CU reported that its Leeds Business Confidence Index fell nearly five points, but at 53.5 still indicates more positive than negative responses heading into the fourth quarter. The index has remained above 50 for 16 consecutive quarters. The index is based on the results of quarterly surveys of more than 250 business leaders from across the state and a range of industry sectors.
“We’re seeing an unemployment rate nationally and especially in Colorado that’s well within the realm of approaching full employment,” Wobbekind said. “But with the current volatility of the market, we’re experiencing consumers not being willing to spend as much because of the decline in their wealth. The recessionary effects of six years ago seem to remain on everybody’s mind, be it business owners or consumers.”
For the fourth quarter, readings declined for each of the six metrics the index tracks, but remained above 50 for five of the metrics.
Confidence in the Colorado economy fell four points between the third and fourth quarters to 57.2. Nearly half the business leaders responding to the survey upon which the fourth quarter index was based expect no change in the state economy. While almost 38 percent of leaders said they anticipate moderate or strong growth, about 14 percent forecast a moderate or strong decrease.
Confidence in the United States economy dropped seven points to 48.4, the first reading below 50 since the first quarter of 2013.
The reading for hiring expectations in Colorado slid 4.2 points to 53.1 with 35.5 percent of business leaders anticipating increased hiring, nearly 23 percent forecasting layoffs and almost 42 percent expecting no changes in payrolls. Over the past year, nonfarm payrolls have increased 47,000 even as the statewide seasonally adjusted unemployment rate has retreated four-tenths of a point to 4.2 percent.
The reading for capital expenditures declined 4.4 points to 53.1 with 33.2 percent of leaders anticipating increased spending and 24.1 percent of leaders expecting a decrease. Nearly 43 percent forecast no change.

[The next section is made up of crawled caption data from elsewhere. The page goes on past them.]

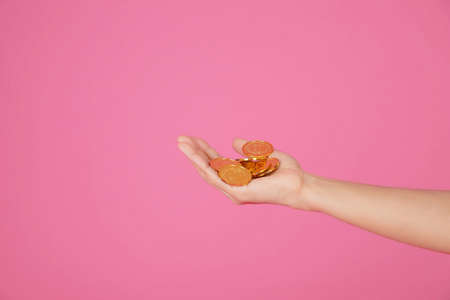 Hand holding a lot of gold coins on the isolate pink scene,The concept of obtaining high-value itemsの写真素材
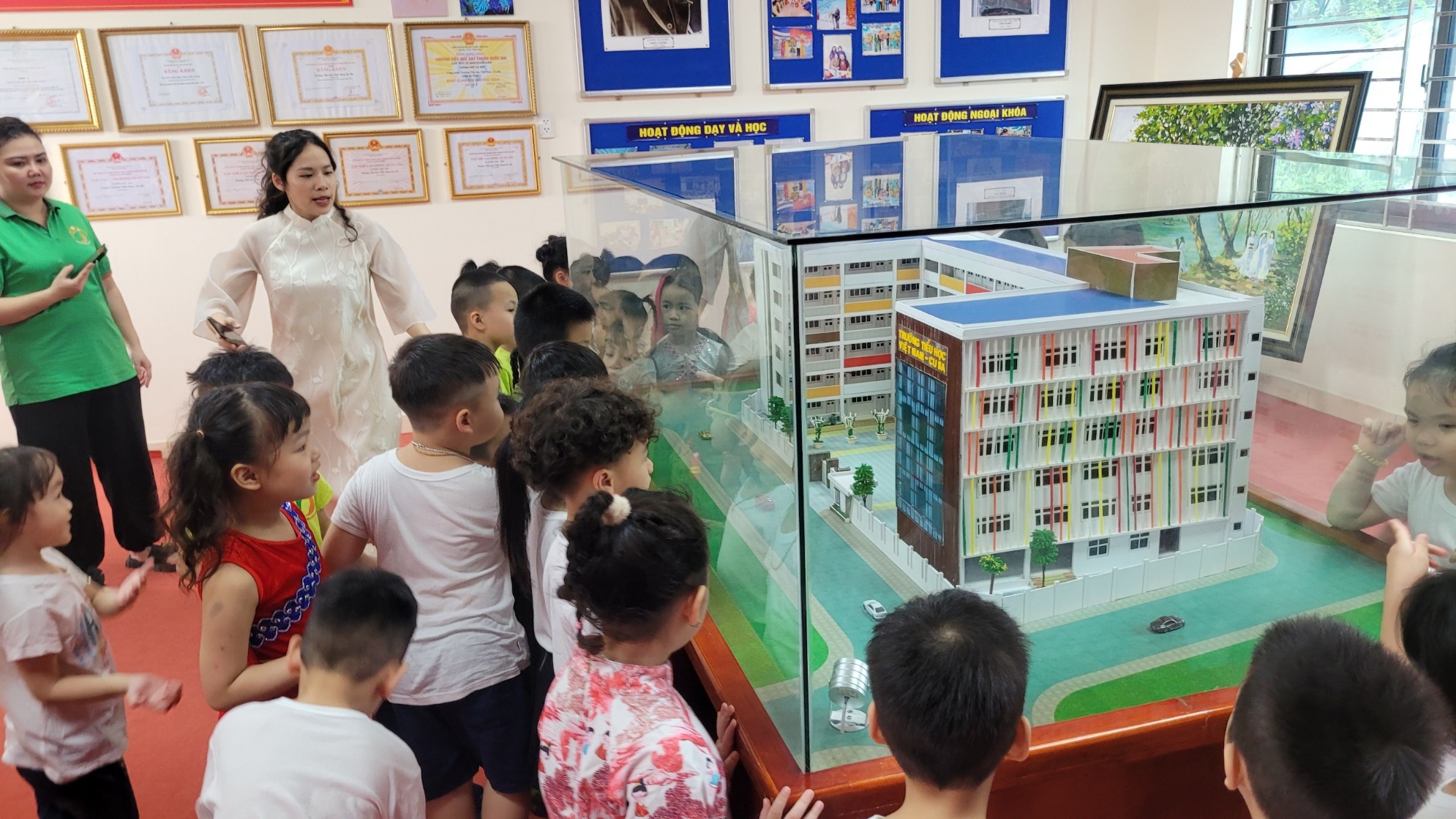 A group of children looking at a model of a building

Description automatically generated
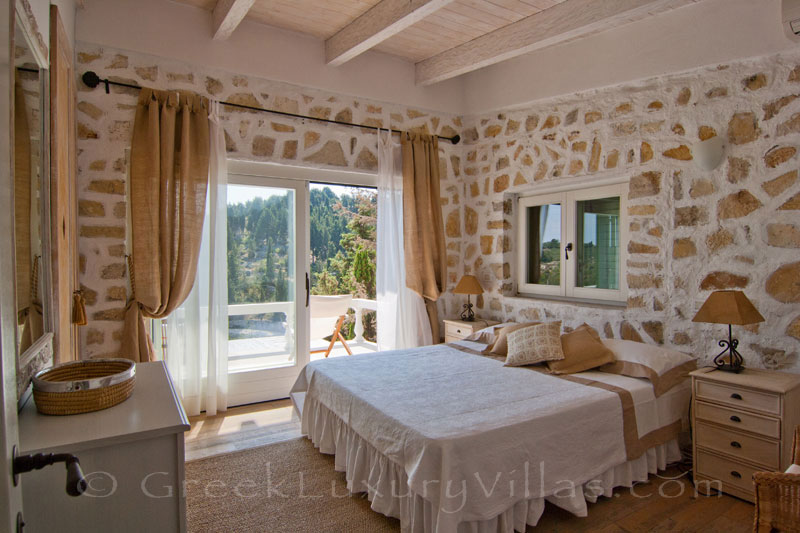 A bedroom in the seafront luxury villa in Paxos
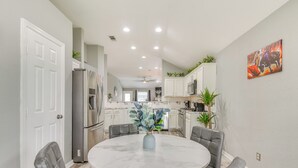 Una cocina moderna con armarios blancos, un refrigerador de acero inoxidable y un comedor con una mesa de mármol y sillas de cuero.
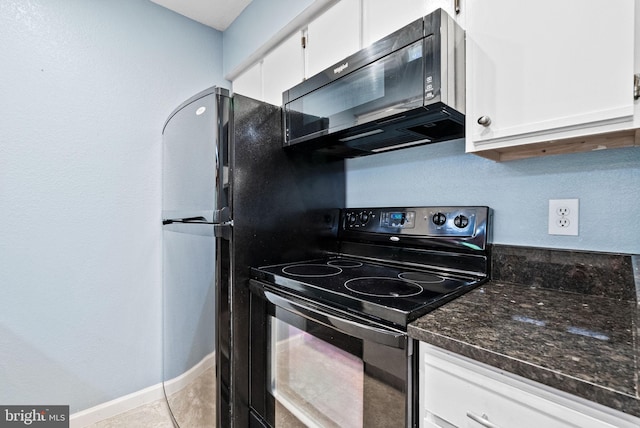 3315 Wyndham Cir Unit 1223, Alexandria, VA 22302 - kitchen with black appliances, white cabinetry, dark stone counters, baseboards, and light tile patterned flooring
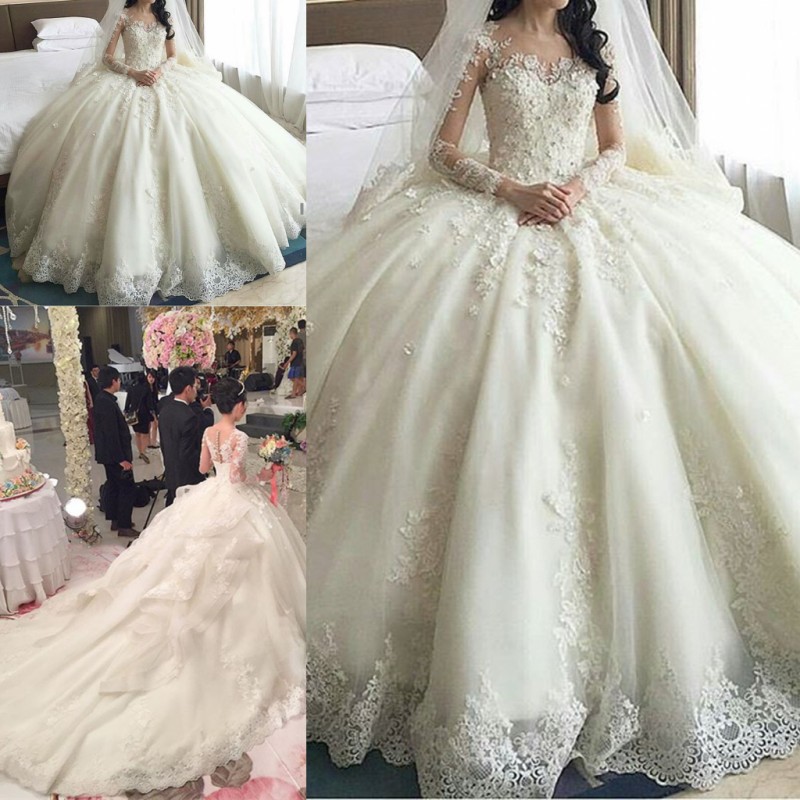 Prinsessan Lace Ball Gown Bröllopsklänning med Sheer Neck Illusion Långärmade Bröllopsklänningar Tillbaka Täckta Knappar Bridal Vestidos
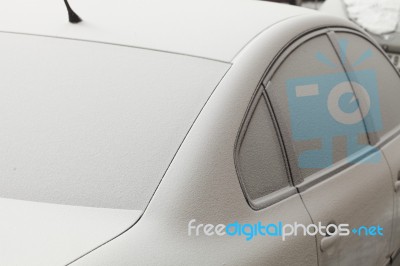 Parked Car Covered With The First Snow In Winter Stock Photo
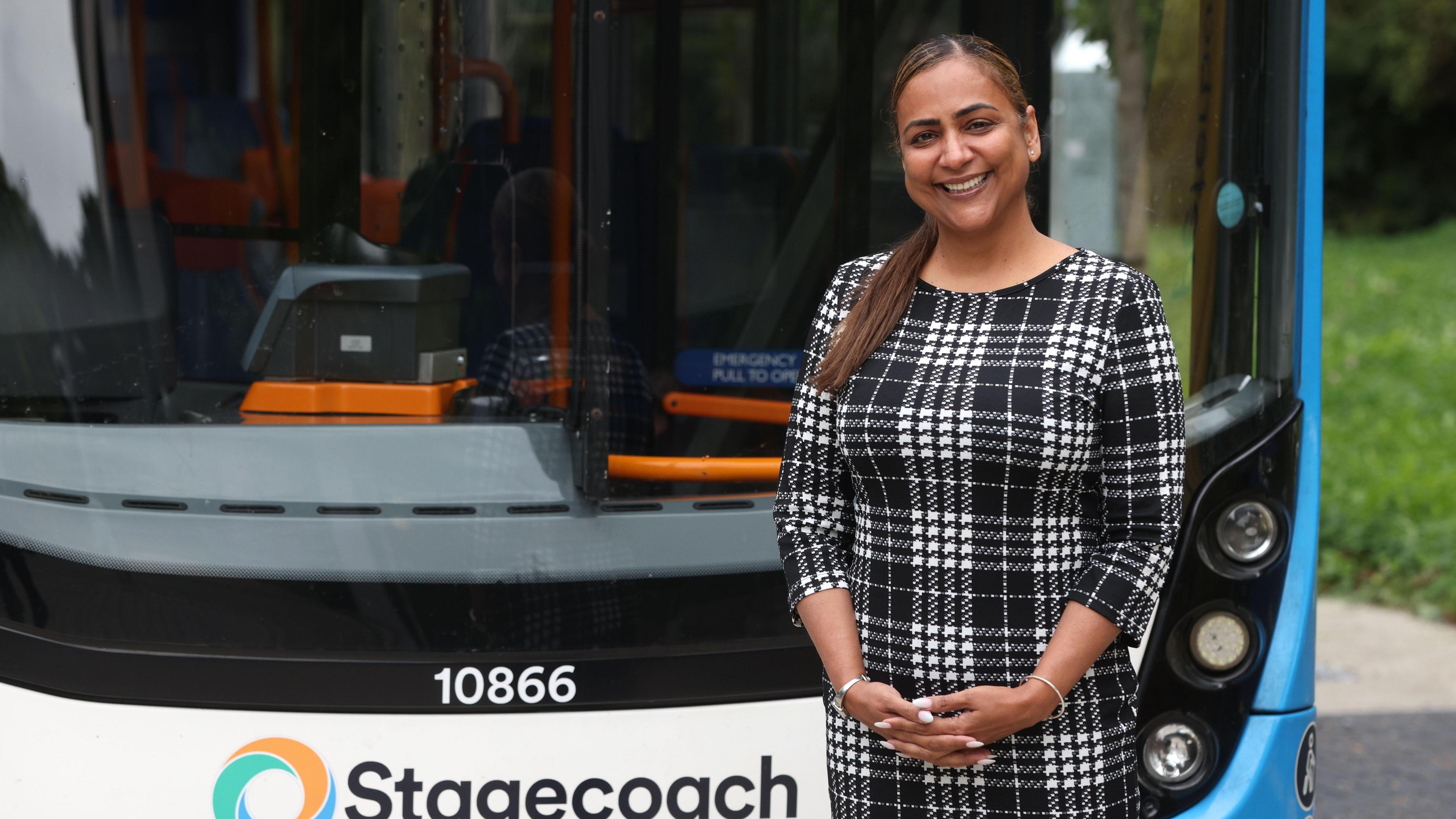 Woman standing next to a Stagecoach bus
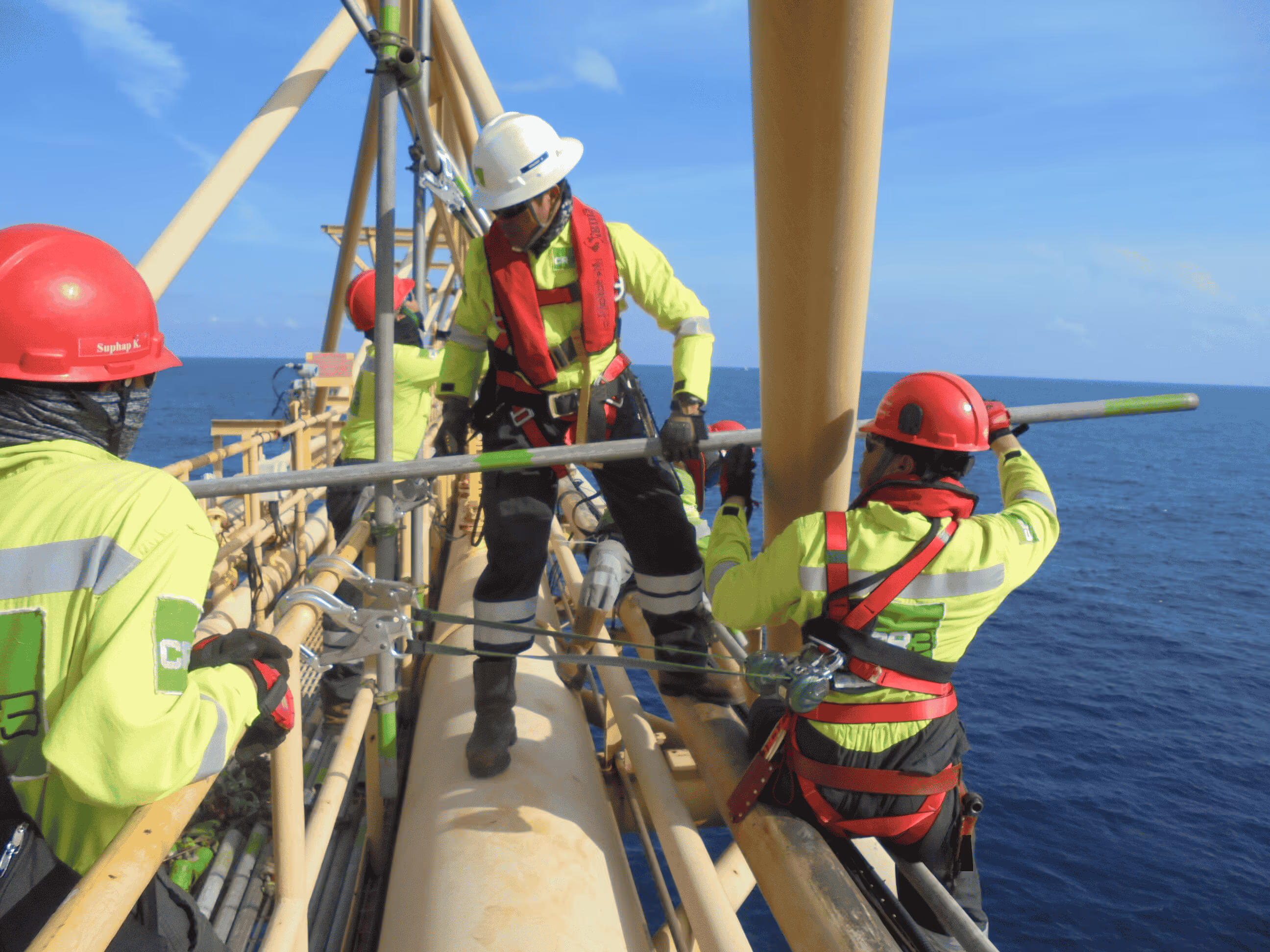 "CR3 rope access and mechanical technicians work in tandem with Conbit specialists to execute the flare tip replacement at the Erawan facility, showcasing teamwork and expertise."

The reading for sales fell 4.2 points to 55.6 with 43.1 percent of leaders predicting moderate or strong increases and 22.5 percent predicting moderate or strong decreases. About 34 percent said they anticipate no change.
The reading for profits fell 4.9 points to 53.6 with 40 percent of business leaders forecasting moderate or strong increases, 25 percent expecting moderate or strong decreases and the remaining 34 percent predicting no change.